Why is the << operation not thread safe?

回答1:

array is your program variable when you apply an operation like << to it. It happens in three-steps:

  • The variable is first copied into a CPU register.
  • The CPU performs computations.
  • The CPU writes back the result to variable memory.

So this high-level single-operation is performed in three steps. In between these steps, due to thread-context switching, other thread may read the same (old) value of the variable. That's why it's not an atomic operation.



回答2:

If you have multiple threads accessing the same array, use Ruby's built-in Queue class. It nicely handles producers and consumers.

This is the example from the documentation:

require 'thread'

queue = Queue.new

producer = Thread.new do
  5.times do |i|
    sleep rand(i) # simulate expense
    queue << i
    puts "#{i} produced"
  end
end

consumer = Thread.new do
  5.times do |i|
    value = queue.pop
    sleep rand(i/2) # simulate expense
    puts "consumed #{value}"
  end
end

consumer.join


回答3:

Actually using MRI (Matz's Ruby implementation) the GIL (Global Interpreter Lock) makes any pure C-function atomic.

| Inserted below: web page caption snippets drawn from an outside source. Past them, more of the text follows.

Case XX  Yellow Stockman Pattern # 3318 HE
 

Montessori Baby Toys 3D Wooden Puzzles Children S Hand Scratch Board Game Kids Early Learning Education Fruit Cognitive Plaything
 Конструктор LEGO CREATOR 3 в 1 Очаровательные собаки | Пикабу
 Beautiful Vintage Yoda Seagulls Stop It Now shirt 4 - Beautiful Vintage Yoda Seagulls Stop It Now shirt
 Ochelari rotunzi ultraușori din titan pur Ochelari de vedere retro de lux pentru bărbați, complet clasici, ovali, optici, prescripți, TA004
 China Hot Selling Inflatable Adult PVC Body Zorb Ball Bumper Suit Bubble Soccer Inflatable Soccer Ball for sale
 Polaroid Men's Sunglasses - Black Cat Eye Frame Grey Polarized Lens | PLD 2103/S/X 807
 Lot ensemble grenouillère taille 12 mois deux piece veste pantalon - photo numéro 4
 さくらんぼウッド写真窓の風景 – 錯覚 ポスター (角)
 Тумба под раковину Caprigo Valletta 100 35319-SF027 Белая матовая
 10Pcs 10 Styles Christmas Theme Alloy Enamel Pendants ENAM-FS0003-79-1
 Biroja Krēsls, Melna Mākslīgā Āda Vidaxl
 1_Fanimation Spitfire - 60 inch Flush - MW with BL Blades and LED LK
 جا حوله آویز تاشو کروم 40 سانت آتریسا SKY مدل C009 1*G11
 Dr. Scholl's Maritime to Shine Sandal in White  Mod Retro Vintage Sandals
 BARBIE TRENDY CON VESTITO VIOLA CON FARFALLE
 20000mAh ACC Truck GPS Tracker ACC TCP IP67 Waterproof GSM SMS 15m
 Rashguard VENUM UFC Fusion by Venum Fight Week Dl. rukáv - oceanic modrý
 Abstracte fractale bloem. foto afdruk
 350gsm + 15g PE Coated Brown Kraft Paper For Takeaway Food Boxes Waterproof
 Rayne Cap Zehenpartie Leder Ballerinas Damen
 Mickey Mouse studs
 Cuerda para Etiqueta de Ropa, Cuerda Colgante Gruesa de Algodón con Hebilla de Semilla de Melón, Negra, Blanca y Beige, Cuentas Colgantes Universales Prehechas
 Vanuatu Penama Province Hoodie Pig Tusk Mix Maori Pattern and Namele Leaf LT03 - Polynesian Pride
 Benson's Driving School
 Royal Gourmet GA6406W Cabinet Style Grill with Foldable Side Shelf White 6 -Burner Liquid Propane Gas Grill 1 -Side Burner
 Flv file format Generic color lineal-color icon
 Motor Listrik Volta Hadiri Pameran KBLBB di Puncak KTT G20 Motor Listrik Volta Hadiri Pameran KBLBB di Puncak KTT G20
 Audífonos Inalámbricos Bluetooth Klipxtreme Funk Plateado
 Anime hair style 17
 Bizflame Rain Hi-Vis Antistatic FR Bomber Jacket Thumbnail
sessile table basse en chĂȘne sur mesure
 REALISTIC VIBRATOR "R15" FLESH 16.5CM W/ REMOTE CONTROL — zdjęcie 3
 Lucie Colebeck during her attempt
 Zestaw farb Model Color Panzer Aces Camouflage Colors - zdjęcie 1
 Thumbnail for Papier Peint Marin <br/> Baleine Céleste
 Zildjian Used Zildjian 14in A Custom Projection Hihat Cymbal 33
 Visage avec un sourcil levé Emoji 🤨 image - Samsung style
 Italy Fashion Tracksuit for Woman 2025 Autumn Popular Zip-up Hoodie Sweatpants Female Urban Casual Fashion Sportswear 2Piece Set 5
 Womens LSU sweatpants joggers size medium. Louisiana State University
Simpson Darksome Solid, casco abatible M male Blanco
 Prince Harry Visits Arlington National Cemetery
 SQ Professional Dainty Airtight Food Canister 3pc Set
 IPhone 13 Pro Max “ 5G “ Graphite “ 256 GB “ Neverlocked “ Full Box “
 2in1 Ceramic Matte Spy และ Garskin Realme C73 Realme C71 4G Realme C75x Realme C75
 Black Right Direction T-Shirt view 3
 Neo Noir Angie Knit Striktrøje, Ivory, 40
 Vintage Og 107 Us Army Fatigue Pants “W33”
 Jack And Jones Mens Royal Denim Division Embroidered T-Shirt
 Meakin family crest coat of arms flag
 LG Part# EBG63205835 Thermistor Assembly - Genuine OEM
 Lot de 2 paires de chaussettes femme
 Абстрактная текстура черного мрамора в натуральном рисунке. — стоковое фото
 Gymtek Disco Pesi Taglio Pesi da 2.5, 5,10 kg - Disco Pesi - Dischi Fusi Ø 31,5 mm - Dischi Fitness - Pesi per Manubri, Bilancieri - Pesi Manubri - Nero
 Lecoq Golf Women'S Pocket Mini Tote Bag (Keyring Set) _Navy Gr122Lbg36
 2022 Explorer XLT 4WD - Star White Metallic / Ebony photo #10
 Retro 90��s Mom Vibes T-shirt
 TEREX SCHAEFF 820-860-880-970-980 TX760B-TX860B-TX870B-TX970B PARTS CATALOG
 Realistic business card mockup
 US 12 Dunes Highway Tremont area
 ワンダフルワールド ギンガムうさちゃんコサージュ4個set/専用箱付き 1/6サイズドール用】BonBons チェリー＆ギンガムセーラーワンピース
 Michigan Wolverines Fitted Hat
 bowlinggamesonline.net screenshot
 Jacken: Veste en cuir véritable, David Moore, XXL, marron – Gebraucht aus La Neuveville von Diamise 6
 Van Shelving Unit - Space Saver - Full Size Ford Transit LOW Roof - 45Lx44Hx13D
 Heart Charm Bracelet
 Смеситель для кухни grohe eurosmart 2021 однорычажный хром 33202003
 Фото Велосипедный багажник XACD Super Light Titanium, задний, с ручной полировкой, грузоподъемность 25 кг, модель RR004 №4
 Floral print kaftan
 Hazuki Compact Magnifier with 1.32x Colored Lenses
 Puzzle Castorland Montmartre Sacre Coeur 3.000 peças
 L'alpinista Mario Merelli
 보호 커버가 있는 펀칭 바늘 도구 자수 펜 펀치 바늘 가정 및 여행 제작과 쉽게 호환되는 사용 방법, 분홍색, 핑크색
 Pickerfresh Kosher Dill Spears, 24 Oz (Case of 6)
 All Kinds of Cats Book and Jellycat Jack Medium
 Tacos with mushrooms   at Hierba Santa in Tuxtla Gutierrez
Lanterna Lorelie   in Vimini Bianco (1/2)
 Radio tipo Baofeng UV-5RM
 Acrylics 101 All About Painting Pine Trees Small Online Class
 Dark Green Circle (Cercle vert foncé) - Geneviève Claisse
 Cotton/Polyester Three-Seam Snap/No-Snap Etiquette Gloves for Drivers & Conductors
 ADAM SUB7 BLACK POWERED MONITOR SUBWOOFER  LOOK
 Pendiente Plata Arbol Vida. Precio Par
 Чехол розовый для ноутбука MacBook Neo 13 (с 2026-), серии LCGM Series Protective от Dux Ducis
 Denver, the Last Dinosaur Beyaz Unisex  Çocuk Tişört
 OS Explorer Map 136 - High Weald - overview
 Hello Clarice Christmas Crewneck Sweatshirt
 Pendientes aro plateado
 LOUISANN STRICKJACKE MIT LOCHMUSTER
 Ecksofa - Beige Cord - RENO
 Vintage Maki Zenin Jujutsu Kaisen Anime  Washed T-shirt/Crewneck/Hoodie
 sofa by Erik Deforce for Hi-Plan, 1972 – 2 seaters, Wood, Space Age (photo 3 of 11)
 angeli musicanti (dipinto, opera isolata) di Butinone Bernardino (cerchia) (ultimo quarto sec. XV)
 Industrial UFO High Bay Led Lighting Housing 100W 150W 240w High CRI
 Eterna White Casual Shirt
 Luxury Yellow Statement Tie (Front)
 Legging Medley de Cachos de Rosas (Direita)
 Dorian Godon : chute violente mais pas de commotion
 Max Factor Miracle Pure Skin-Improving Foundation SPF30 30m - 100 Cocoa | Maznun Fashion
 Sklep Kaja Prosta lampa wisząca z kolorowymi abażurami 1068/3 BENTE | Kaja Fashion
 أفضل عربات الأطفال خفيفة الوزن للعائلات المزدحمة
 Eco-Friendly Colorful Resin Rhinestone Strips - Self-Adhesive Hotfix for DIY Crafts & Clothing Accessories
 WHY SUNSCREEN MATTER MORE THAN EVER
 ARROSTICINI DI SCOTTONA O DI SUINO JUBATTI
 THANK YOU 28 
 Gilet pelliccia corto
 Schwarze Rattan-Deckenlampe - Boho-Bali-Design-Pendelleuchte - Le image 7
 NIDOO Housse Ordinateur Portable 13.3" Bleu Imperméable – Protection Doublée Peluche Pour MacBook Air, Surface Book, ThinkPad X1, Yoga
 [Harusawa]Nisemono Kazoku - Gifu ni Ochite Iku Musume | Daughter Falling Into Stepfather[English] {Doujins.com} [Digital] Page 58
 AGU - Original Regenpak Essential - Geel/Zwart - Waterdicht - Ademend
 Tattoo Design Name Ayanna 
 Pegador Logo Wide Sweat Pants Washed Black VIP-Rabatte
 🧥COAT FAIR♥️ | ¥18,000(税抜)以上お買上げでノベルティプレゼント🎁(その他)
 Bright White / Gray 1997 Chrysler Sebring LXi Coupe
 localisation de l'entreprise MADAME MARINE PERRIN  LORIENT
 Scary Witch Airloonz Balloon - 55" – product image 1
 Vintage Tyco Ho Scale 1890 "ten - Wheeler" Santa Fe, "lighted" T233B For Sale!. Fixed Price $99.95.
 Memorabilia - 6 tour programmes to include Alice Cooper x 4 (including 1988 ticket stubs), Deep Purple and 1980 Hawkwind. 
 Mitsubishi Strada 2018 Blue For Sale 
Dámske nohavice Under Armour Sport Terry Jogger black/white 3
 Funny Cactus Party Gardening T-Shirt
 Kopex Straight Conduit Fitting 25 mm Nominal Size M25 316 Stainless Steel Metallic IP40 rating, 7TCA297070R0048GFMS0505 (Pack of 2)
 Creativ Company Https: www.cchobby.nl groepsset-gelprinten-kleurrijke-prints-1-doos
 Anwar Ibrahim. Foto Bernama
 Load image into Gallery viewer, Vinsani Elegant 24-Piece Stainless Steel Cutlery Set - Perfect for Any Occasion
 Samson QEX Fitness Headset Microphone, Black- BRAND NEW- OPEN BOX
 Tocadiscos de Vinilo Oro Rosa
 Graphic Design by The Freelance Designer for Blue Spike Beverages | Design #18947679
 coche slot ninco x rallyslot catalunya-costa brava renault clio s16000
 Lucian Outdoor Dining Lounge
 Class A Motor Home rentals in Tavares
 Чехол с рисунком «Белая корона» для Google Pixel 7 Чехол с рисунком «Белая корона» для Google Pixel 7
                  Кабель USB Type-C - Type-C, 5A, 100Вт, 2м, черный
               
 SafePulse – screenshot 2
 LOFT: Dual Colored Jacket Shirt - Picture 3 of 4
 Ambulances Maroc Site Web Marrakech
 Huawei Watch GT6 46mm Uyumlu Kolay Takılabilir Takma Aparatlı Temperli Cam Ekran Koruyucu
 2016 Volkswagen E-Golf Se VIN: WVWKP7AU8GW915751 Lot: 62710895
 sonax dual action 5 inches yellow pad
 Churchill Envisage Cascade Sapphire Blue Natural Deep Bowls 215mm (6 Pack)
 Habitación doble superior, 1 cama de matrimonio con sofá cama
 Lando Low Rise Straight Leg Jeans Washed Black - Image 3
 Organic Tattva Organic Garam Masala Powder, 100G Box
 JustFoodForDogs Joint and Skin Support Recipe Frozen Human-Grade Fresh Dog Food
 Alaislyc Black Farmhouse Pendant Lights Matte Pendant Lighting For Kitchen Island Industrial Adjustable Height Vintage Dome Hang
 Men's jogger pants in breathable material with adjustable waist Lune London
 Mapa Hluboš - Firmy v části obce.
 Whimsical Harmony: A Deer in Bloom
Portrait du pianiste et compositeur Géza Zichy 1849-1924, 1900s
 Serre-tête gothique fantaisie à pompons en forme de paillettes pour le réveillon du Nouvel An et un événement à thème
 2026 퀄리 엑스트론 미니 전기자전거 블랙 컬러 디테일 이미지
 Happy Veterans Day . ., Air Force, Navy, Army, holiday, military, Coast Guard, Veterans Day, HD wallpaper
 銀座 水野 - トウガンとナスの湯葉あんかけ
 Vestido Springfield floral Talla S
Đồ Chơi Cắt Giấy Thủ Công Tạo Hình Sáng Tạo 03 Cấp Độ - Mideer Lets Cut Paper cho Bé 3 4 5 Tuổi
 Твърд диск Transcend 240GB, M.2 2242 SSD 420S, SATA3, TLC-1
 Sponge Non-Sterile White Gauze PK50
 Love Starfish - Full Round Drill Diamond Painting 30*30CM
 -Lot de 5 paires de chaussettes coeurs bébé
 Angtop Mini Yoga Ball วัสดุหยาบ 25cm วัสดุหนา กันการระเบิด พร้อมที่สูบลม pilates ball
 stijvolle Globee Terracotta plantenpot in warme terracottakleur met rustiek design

Since Array#<< is implemented as pure C-code in MRI, this operation will be atomic. But note this only applies to MRI. On JRuby this is not the case.

To completely understand what is going on I suggest you read these two articles, which explains everything very well:

Nobody Understands the GIL
Nobody Understands the GIL - part 2



回答4:

This link might be helpful for you:

http://www.jstorimer.com/pages/ruby-core-classes-arent-thread-safe

Also you might be interested in this gem:

https://rubygems.org/gems/thread_safe



回答5:

Because Ruby is a very high level language, nothing is really atomic at the OS level. Only very simple assembly operations are atomic at the OS level (OS dependant), and every Ruby operation, even a simple 1 + 1 corresponds to hundreds or thousands of assembly instructions executed, such as method lookups, garbage collection, object initialization, scope calculations, etc.

If you need to make operations atomic, use Mutexes.



回答6:

Just riffing off of @Linuxios and @TheTinMan: high-level language (HLL) operations in general are not atomic. Atomicity is (generally) not an issue in single-threaded programs. In multi-threaded programs, you (the programmer) have to reason about it at a much higher granularity than a single HLL operation, so having individual HLL operations that are atomic doesn't actually help you that much. On the flip side, although making an HLL operation atomic takes only a few machine instructions before and after—at least on modern hardware—the static (binary size) and dynamic (execution time) overheads add up. Even worse, explicit atomicity pretty much disables all optimization because compilers cannot move instructions across atomic operations. No real benefit + significant cost = non-starter.